::: Record excerpts :::

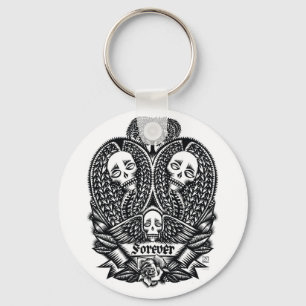 Forever Love Sleutelhanger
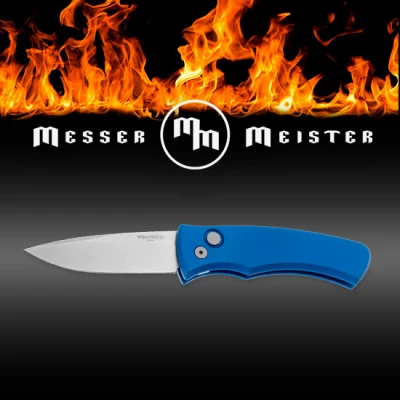 Нож Микро Кликер Pro-Tech Duke 2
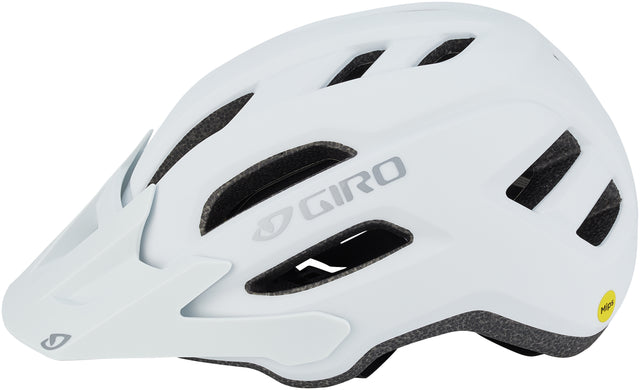 Giro Giro Fixture Mips II Helm matte white/titanium &vert; 2025 Begrenzte Freigabe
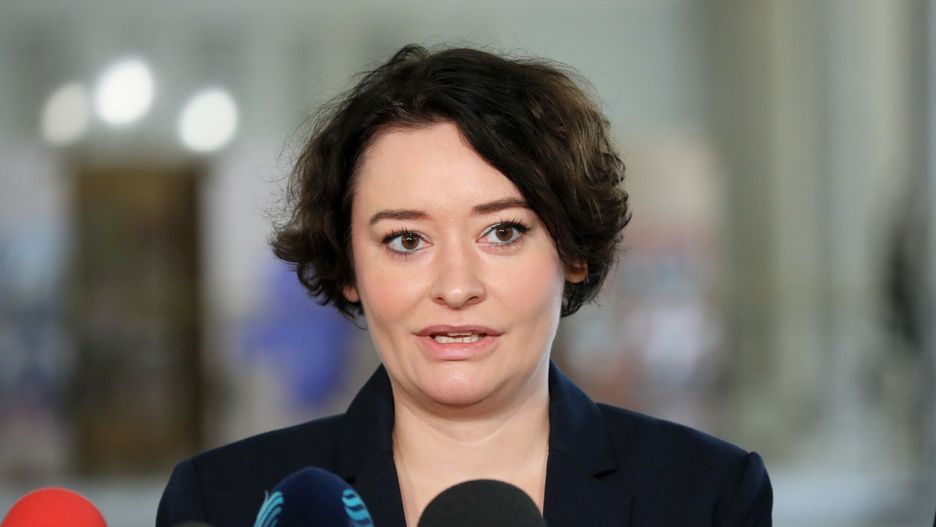 Anna Maria Żukowska wywołała burzę spisem o aborcji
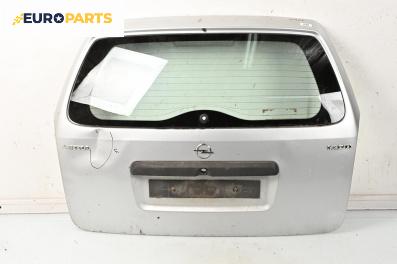 Заден капак за Opel Astra G Estate (02.1998 - 12.2009), 4+1 вр., комби, позиция: задна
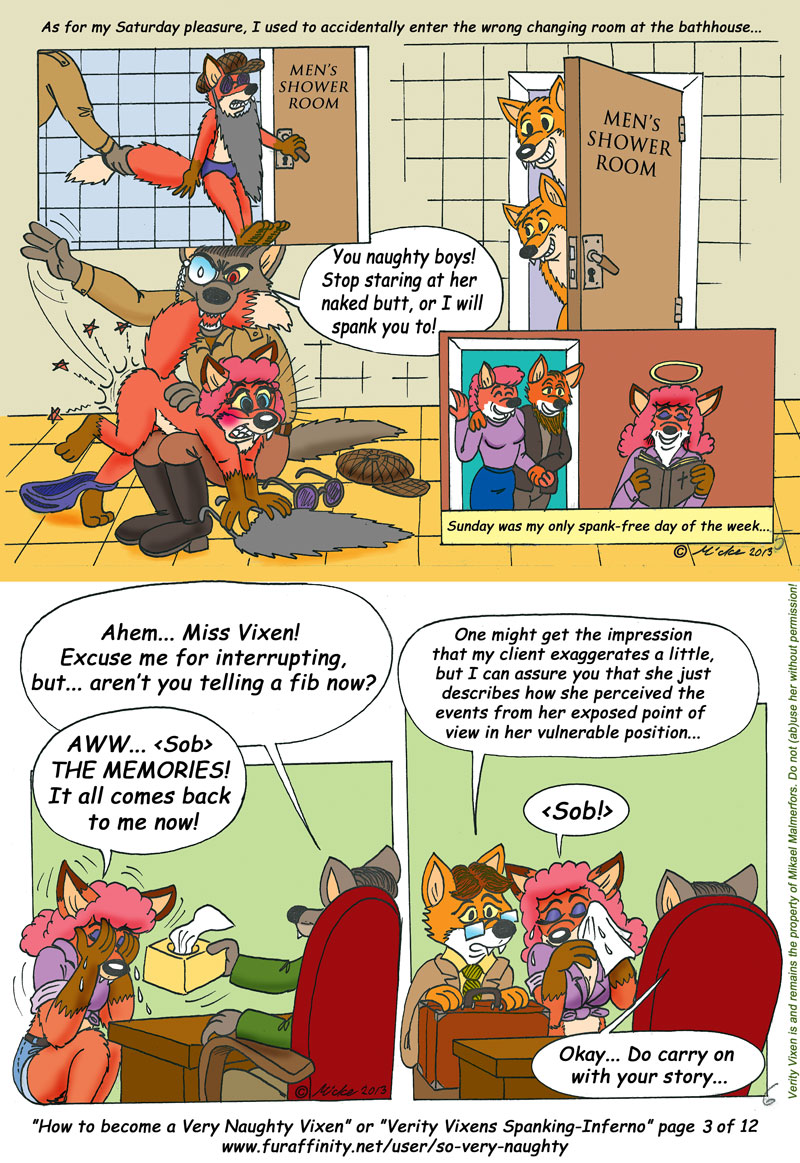 How to become a Very Naughty Vixen page 4 full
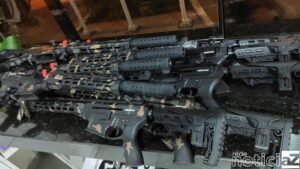 VÍDEO - Quantidade de armas apreendidas pela Polícia Militar no Noroeste é a maior no Paraná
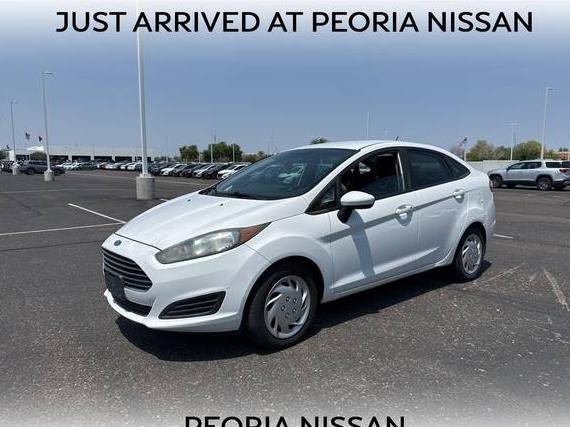 FORD FIESTA 2015 3FADP4AJ4FM203707 image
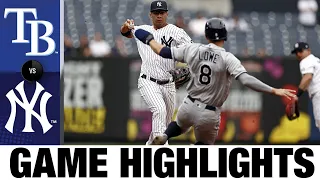 Rays vs. Yankees Game Highlights (6/3/21) | MLB Highlights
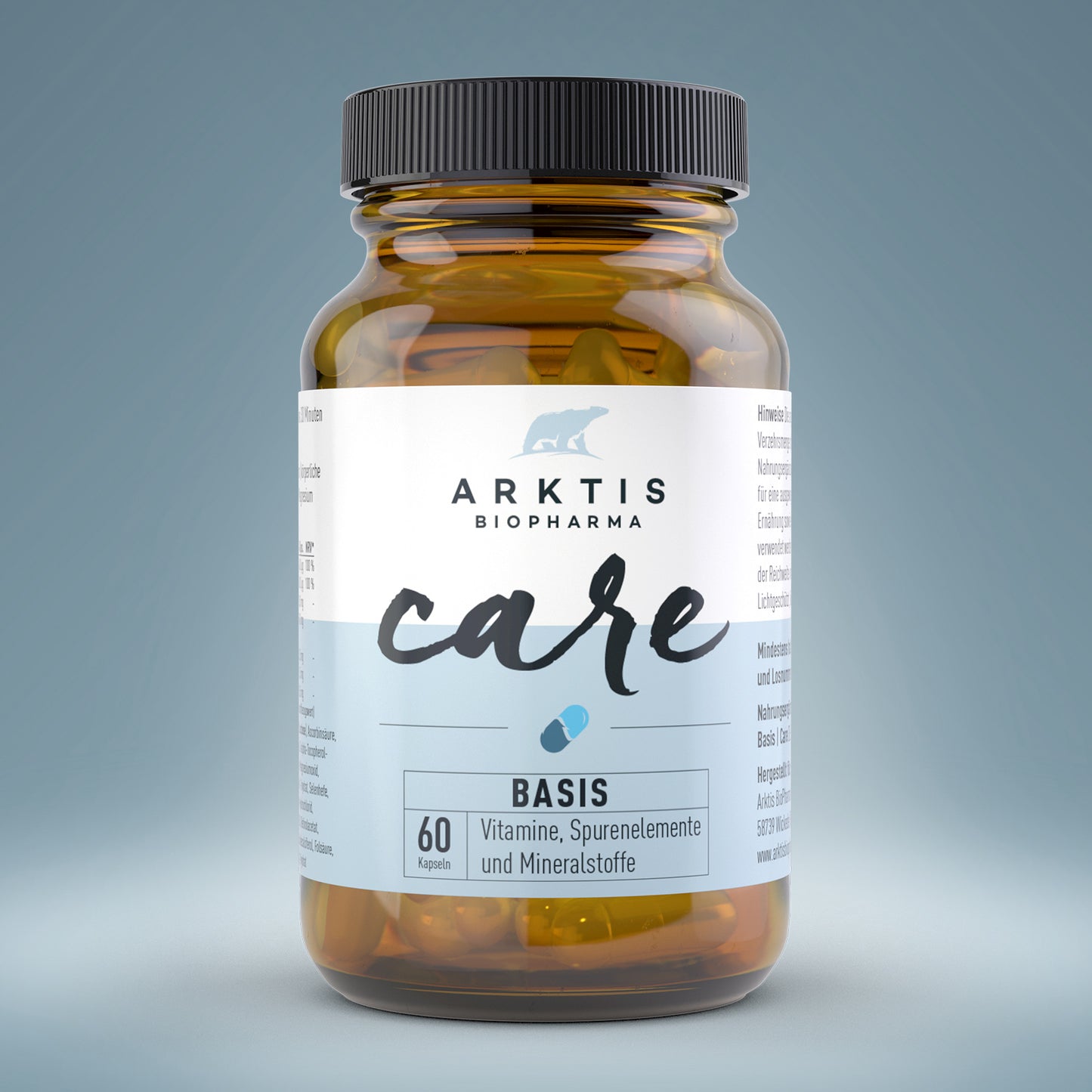 Arktis Care - Multi A-Z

:::

• Task requirements: Repeat the entries word for word and skip the pictures.

• Result of this exercise:
 Forever Love Sleutelhanger
 Нож Микро Кликер Pro-Tech Duke 2
 Giro Giro Fixture Mips II Helm matte white/titanium &vert; 2025 Begrenzte Freigabe
 Anna Maria Żukowska wywołała burzę spisem o aborcji
 Заден капак за Opel Astra G Estate (02.1998 - 12.2009), 4+1 вр., комби, позиция: задна
 How to become a Very Naughty Vixen page 4 full
 VÍDEO - Quantidade de armas apreendidas pela Polícia Militar no Noroeste é a maior no Paraná
 FORD FIESTA 2015 3FADP4AJ4FM203707 image
 Rays vs. Yankees Game Highlights (6/3/21) | MLB Highlights
 Arktis Care - Multi A-Z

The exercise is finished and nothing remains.